Arc is a smart pointer like Rc, but it implemented Send and Sync. It’s movable.
Demo4 - Sharing Immutable Variable Between Threads
use std::thread;
use std::sync::Arc;
fn main() {
let x = Arc::new(vec![1, 2, 3, 4]); // New a mutable vector and wrap it with Arc container.
thread::spawn(move ||{ // Try to move ownership of Rc container to child thread.
});
println!("vector is {:?}", x);
}
Compiler says yes!
Note: We changed x in main thread as immutable. The data wraped in Arc is read-only.
If you want to modify data inside, Mutex<T> is needed.
Demo5 - Sharing Mutable Between Threads
use std::thread;
use std::sync::{Arc, Mutex};
fn main() {
let x = Arc::new(Mutex::new(vec![1, 2, 3, 4])); // New a mutable vector and wrap it with Arc<Mutex<>> container.

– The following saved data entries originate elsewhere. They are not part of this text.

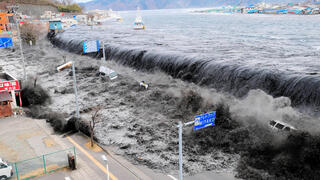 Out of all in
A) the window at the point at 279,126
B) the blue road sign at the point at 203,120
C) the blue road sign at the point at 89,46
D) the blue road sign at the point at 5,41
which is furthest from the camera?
the blue road sign at the point at 89,46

let x_clone = x.clone(); // Clone means creating a reference to data inside container
let child = thread::spawn(move ||{ // Try to modify vector in child thread
let mut x1 = x_clone.lock().unwrap();
x1.push(5);
});
let _ = child.join(); // call join, let main thread wait for child thread to finish
let mut x2 = x.lock().unwrap(); // Modify vector in main thread
x2.push(6);
println!("vector is {:?}", x2);
}
Mutex<T> is a container for safety sharing mutable variable across threads. a mutex allows only one thread to access data at any time.
To access the data inside the mutex, we use the lock method to acquire the lock.
Output:
vector is [1, 2, 3, 4, 5, 6]
Demos above demonstrate how rust achieve thread safety.